(Stored data entries)
==*==

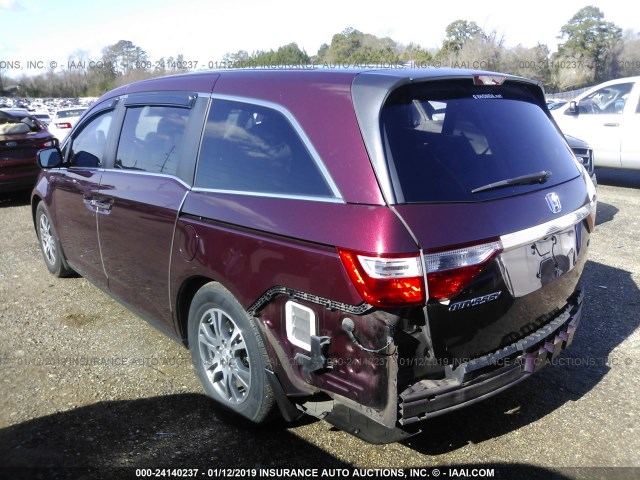 5FNRL5H61DB049624 - 2013 HONDA ODYSSEY EXL MAROON photo 3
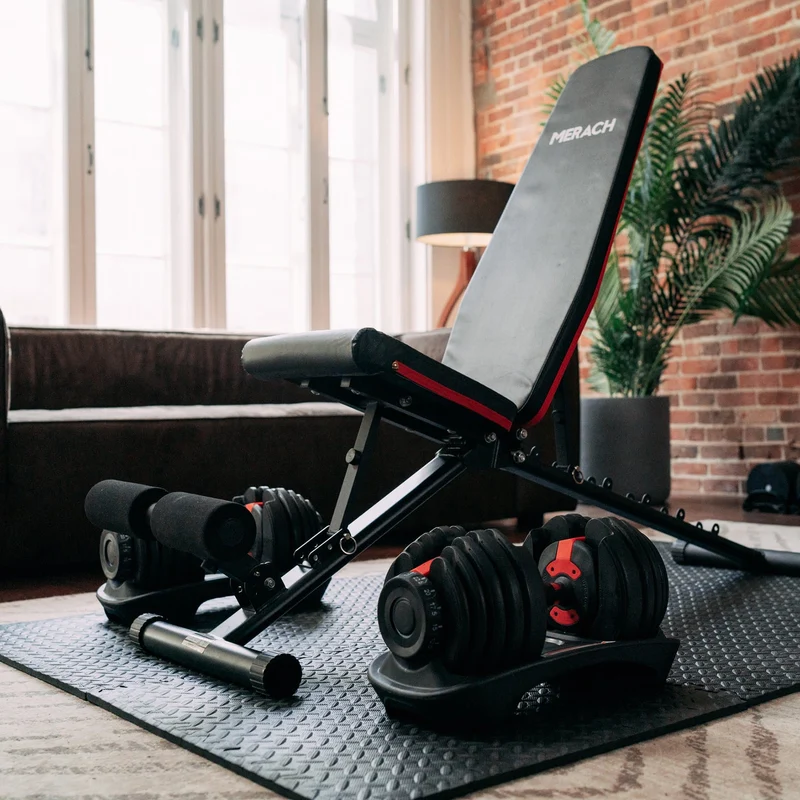 Bundle: Set of Dumbbells (5 - 52.5 lb) & Bench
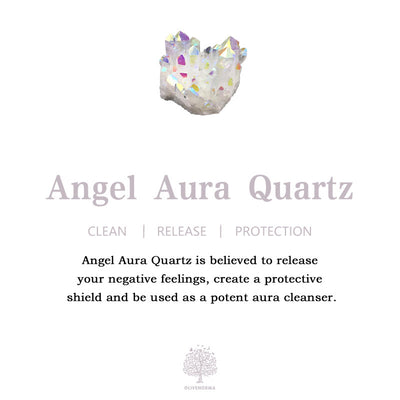 Olivenorma Frosted Glitter Angel Aura Quartz Natural Gem Bracelet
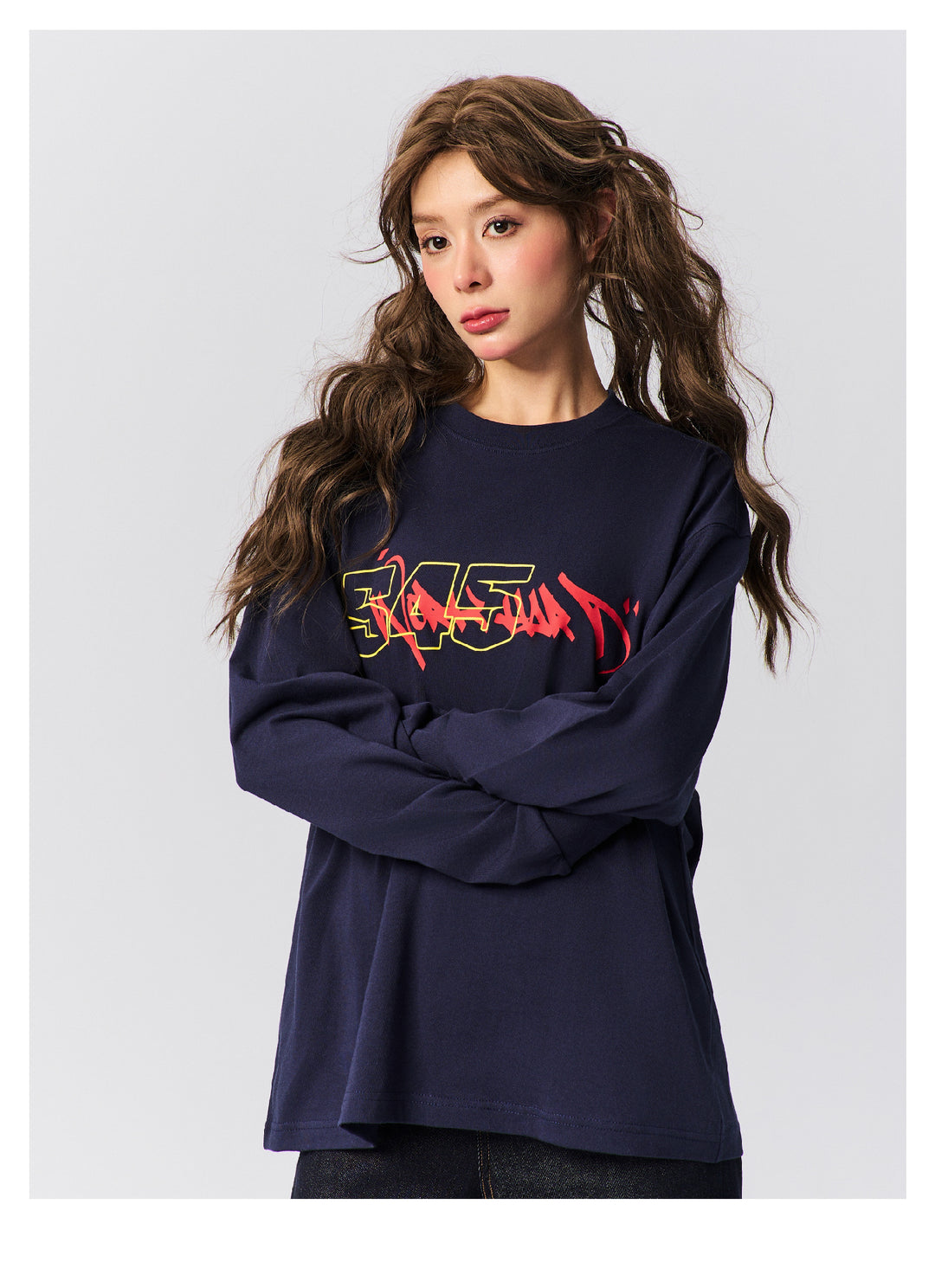 S45 Graffiti Font Typography Long-Sleeve Tee | Face 3 Face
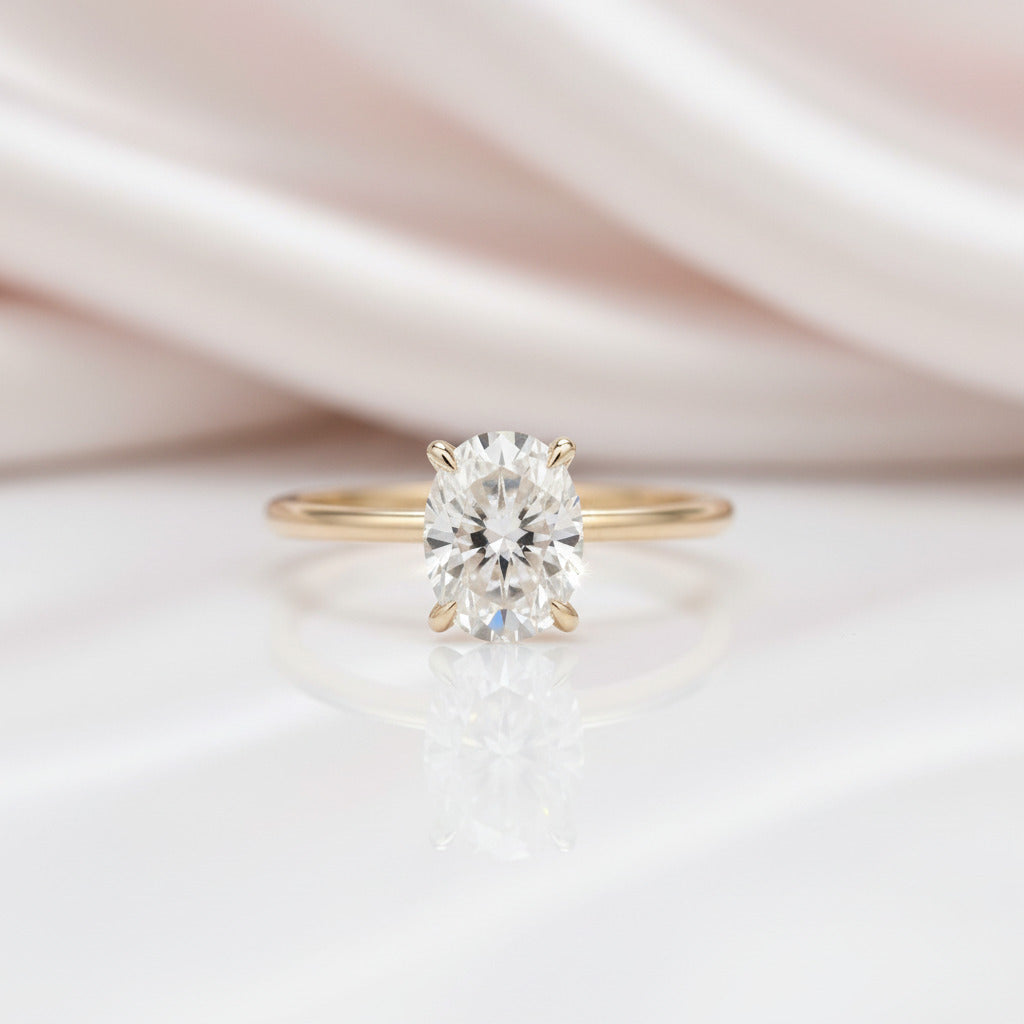 14k Yellow Gold 1.5 Ct Oval Cut Diamond Option Halo Engagement Ring-Black Diamonds New York
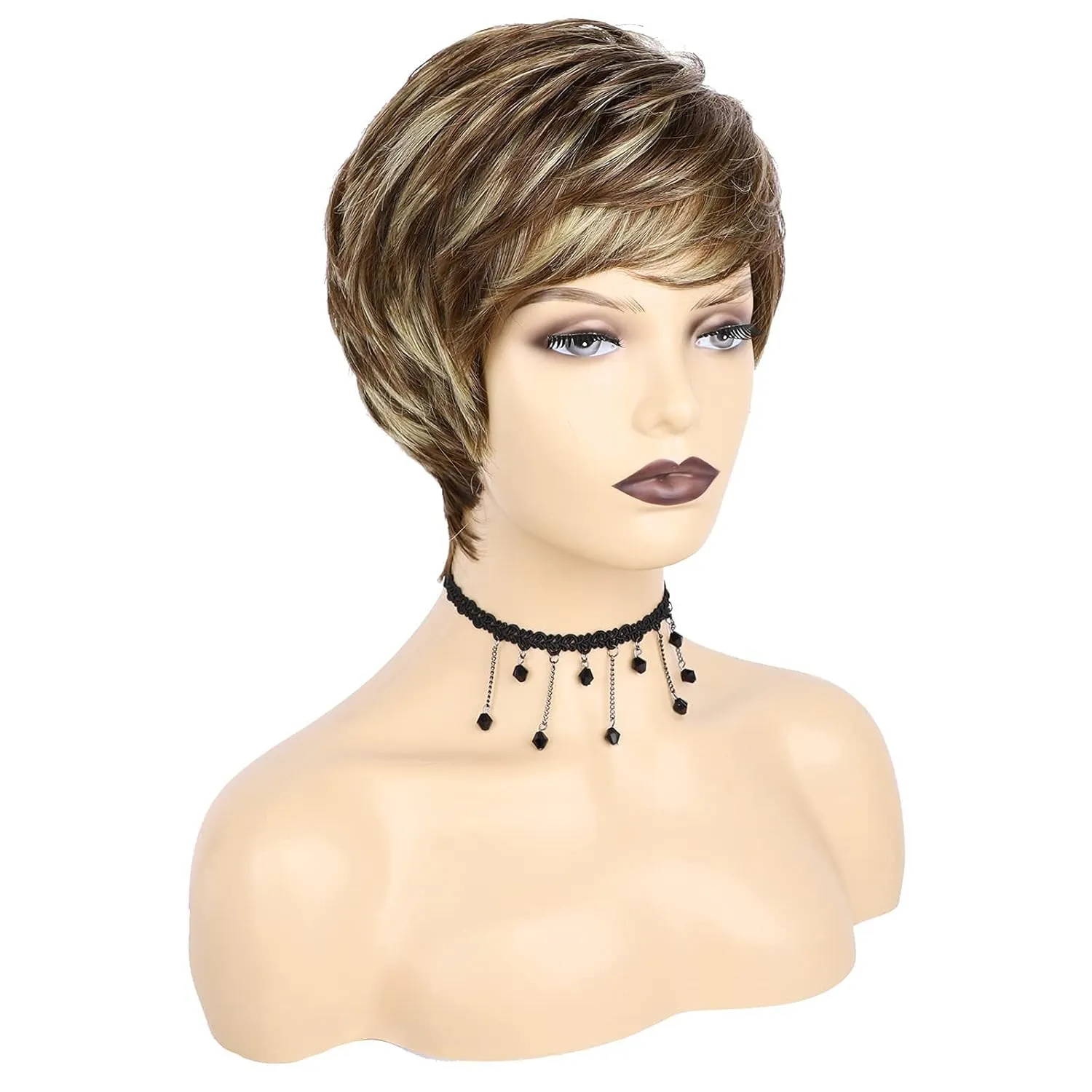 TISHINING Pixie Cut Brown Short Hair Wigs for White Women with Bangs Brown Mixed Blonde Highlights Layered Natural Looking Synthetic Hair Replacement Wigs for Daily Party Use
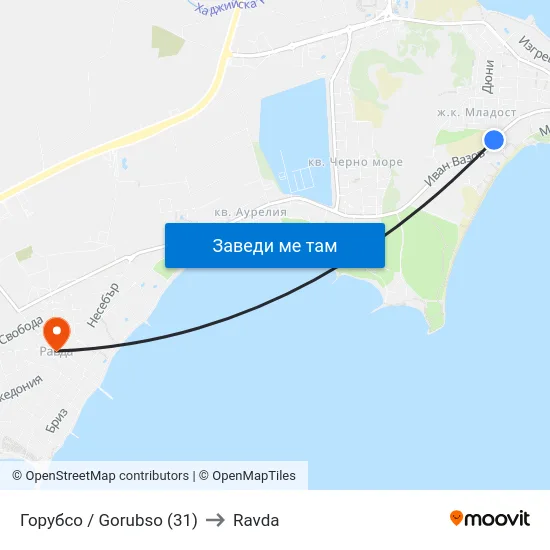 Горубсо / Gorubso (31) to Ravda map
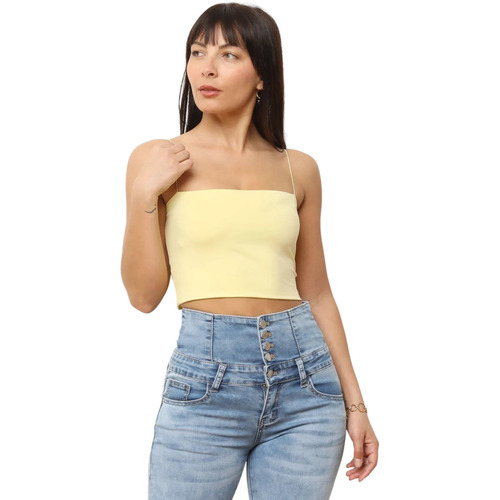 Kleidung Damen Tops / Blusen La Modeuse 75047_P177396 Gelb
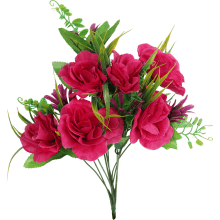Sztuczny Bukiet Róż - 10 Gałązek w Kolorze Różowym z Dodatkami Dekoracyjnymi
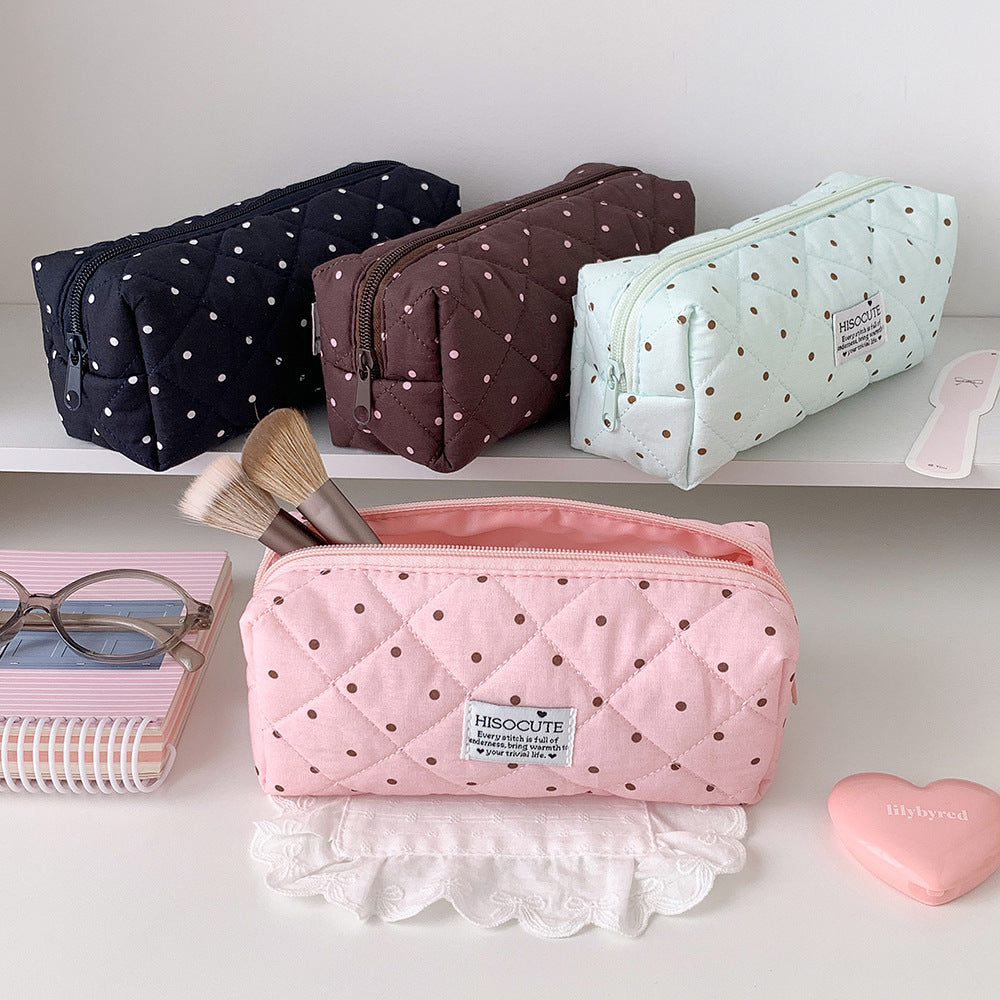 Quilted Cosmetic Pencil Case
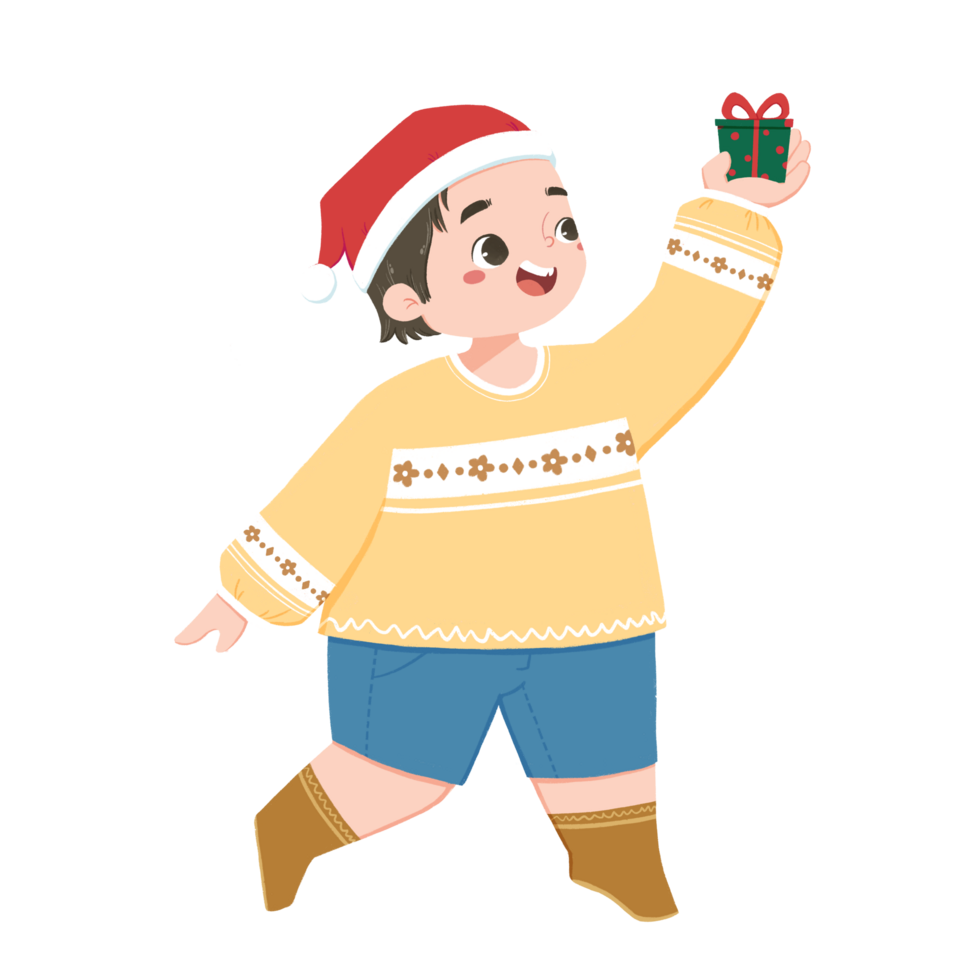 Asian boy bring Christmas gift png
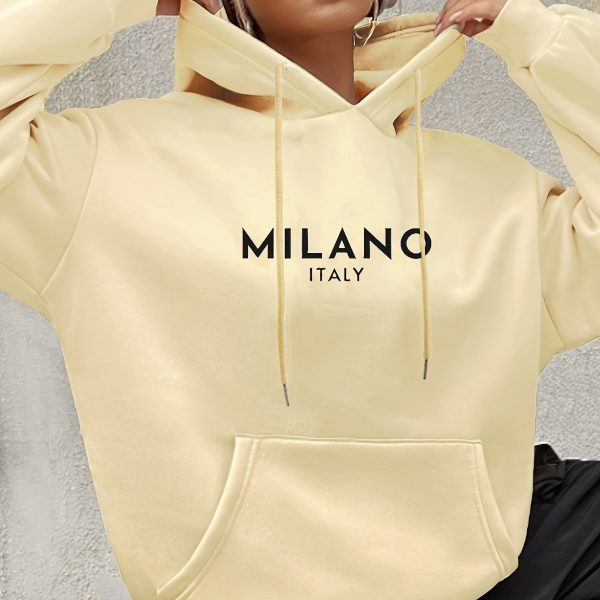 Casual Long Sleeved Printed Kangaroo Pocket Hoodie - Image 6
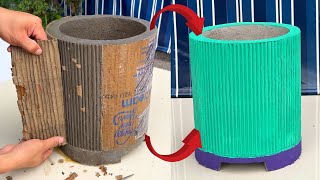 Amazing Creative Ideas - Design Beautiful Cement Flower Pot From Old Carton Box by Construction - Products Cement 9,733 views 9 months ago 10 minutes, 26 seconds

==*==

When you copy the data, keep every line exact and drop the pictures.

• Written answer:
 5FNRL5H61DB049624 - 2013 HONDA ODYSSEY EXL MAROON photo 3
 Bundle: Set of Dumbbells (5 - 52.5 lb) & Bench
 Olivenorma Frosted Glitter Angel Aura Quartz Natural Gem Bracelet
 S45 Graffiti Font Typography Long-Sleeve Tee | Face 3 Face
 14k Yellow Gold 1.5 Ct Oval Cut Diamond Option Halo Engagement Ring-Black Diamonds New York
 TISHINING Pixie Cut Brown Short Hair Wigs for White Women with Bangs Brown Mixed Blonde Highlights Layered Natural Looking Synthetic Hair Replacement Wigs for Daily Party Use
 Горубсо / Gorubso (31) to Ravda map
 Kleidung Damen Tops / Blusen La Modeuse 75047_P177396 Gelb
Sztuczny Bukiet Róż - 10 Gałązek w Kolorze Różowym z Dodatkami Dekoracyjnymi
 Quilted Cosmetic Pencil Case
 Asian boy bring Christmas gift png
 Casual Long Sleeved Printed Kangaroo Pocket Hoodie - Image 6
 Amazing Creative Ideas - Design Beautiful Cement Flower Pot From Old Carton Box by Construction - Products Cement 9,733 views 9 months ago 10 minutes, 26 seconds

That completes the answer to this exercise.